Overview
This lecture introduces triangles, covering their definitions, types, important theorems, and properties, along with key formulas and concepts in triangle geometry.
Triangle Basics
- A triangle has three sides, three angles, and three vertices (corners).
- The sum of the interior angles in any triangle is always 180°.
Types of Triangles
- By sides:
- Equilateral: three equal sides, all angles 60°.
- Isosceles: two equal sides, angles opposite equal sides are equal.
- Scalene: all sides and angles are different.
- By angles:
- Acute: all angles less than 90°.
- Right: one angle exactly 90°.
- Obtuse: one angle greater than 90°.
Triangle Theorems and Properties
- Exterior Angle Theorem: An exterior angle equals the sum of the two non-adjacent interior angles.
- Triangle Inequality Theorem: The sum of any two sides must be greater than the third side.
- Perimeter: The sum of all three side lengths.
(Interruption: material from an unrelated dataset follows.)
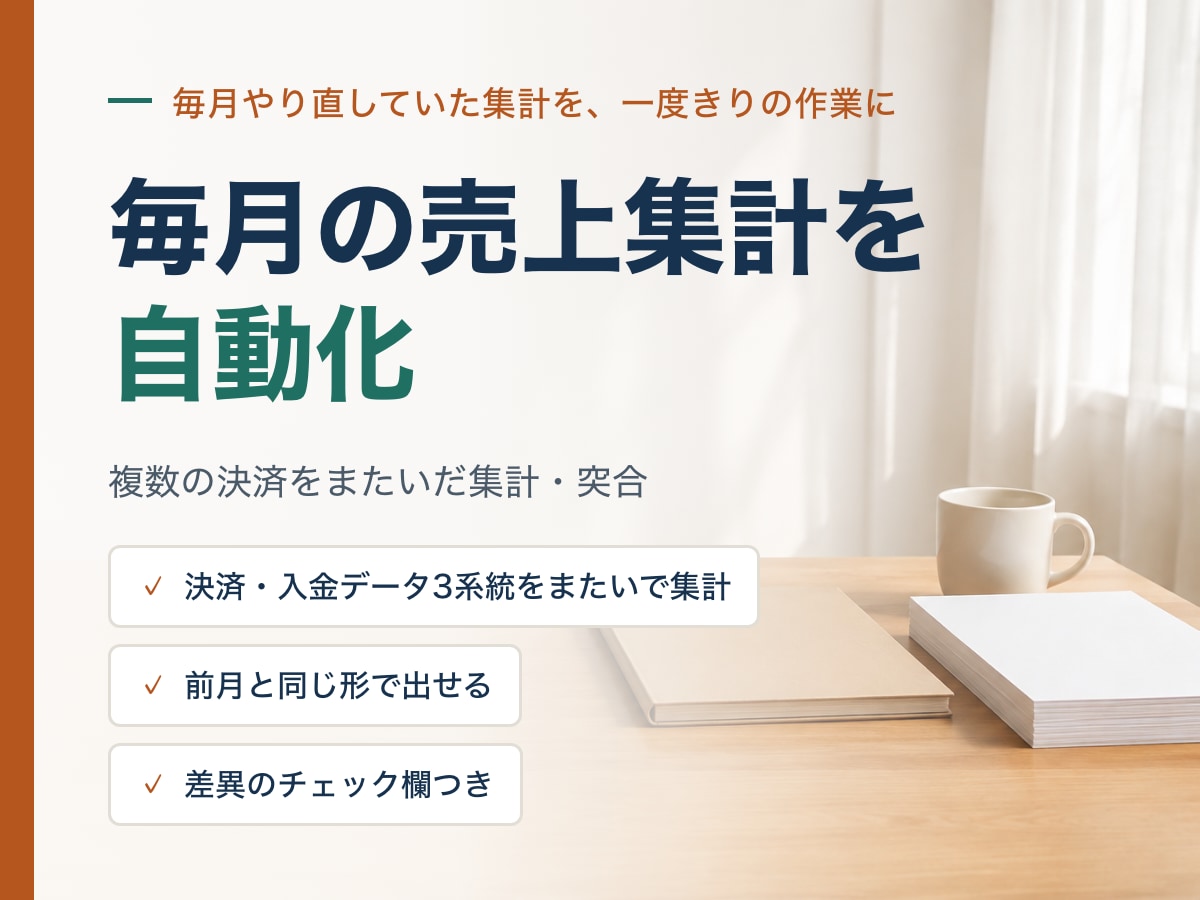 毎月の売上集計を自動化します 毎月やり直していた集計を、一度きりの作業にします イメージ1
- Base and Height: Any side can be the base; the height is a perpendicular line from the opposite vertex to the base.
Area and Key Formulas
- Area formula: (1/2) × base × height.
- In right triangles, one leg can be the height if it meets the base at 90°.
- In obtuse triangles, the height may fall outside the triangle.
Congruence and Similarity
- Congruent triangles: Same shape and size; checked by SSS, SAS, ASA, AAS, or RHS criteria.
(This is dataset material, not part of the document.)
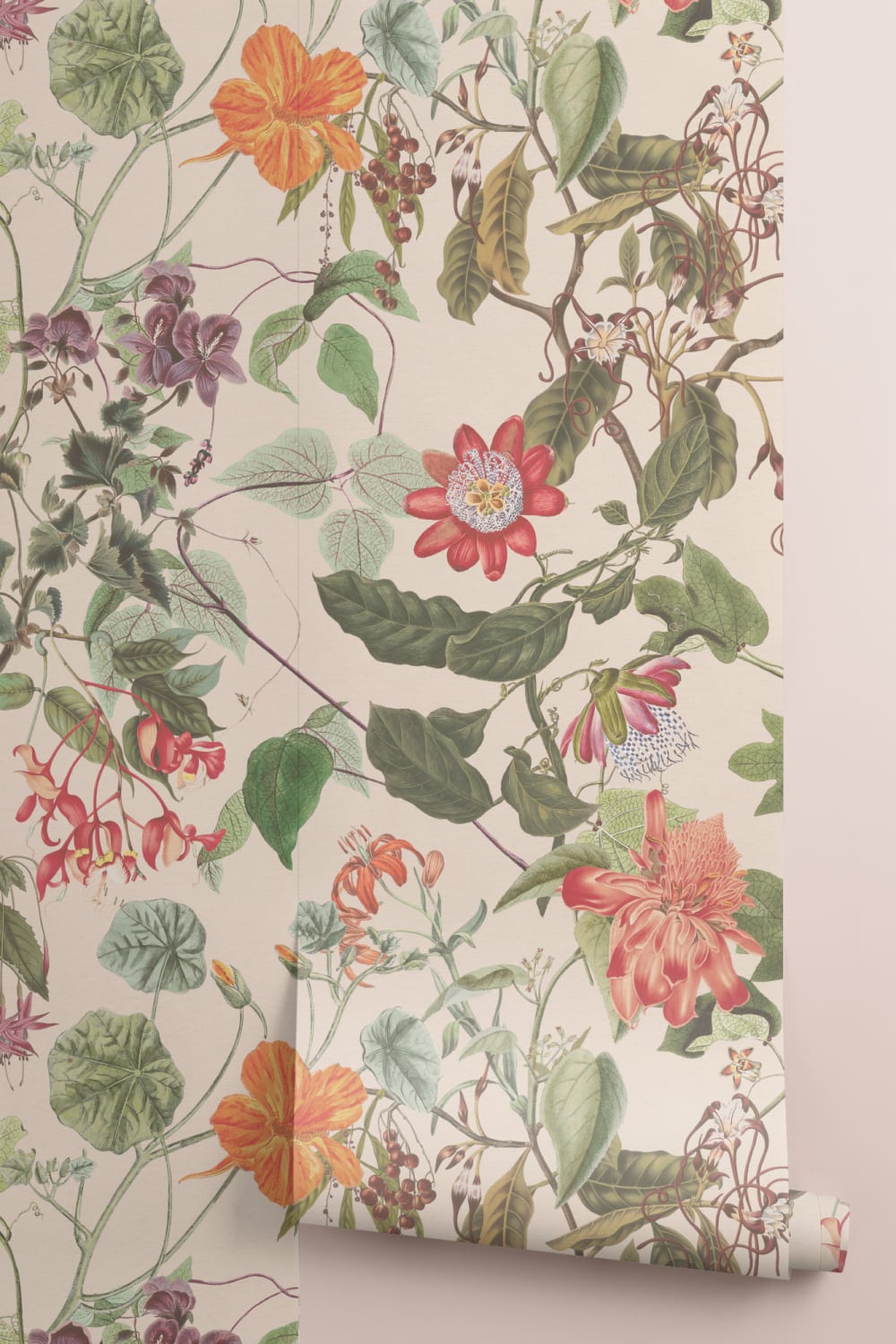 Elegant Botanical Floral Wall Mural in Cream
- Similar triangles: Same shape, different size; checked by AA, SSS (ratio), or SAS (ratio and included angle).
Special Theorems
- Pythagorean Theorem: In right triangles, a² + b² = c² (c is hypotenuse).
- Median Theorem: A median connects a vertex to the midpoint of the opposite side and divides the area in half.
- Centroid Theorem: The three medians intersect at the centroid, which divides each median in a 2:1 ratio and is the triangle’s balance point.
- Angle Bisector Theorem: An angle bisector divides the opposite side in the same ratio as the other two sides.
Equilateral Triangle Properties
- All sides and angles are equal.
- Height, median, and angle bisector from each vertex are the same line.
Key Terms & Definitions
- Triangle — a three-sided polygon with three angles and three vertices.
- Vertex (plural: vertices) — a corner point of a triangle.
- Median — a line from a vertex to the midpoint of the opposite side.
- Centroid — the intersection point of all medians.
- Bisector — a line that divides an angle into two equal parts.
- Congruence — triangles that are identical in shape and size.
- Similarity — triangles with the same shape but different sizes.
Action Items / Next Steps
- Practice identifying and classifying triangles by sides and angles.
- Solve problems using the angle sum, perimeter, and area formulas.
- Attempt exercises on congruence and similarity criteria.
- Review the centroids and medians in various triangles.
- Prepare for part two of the lecture.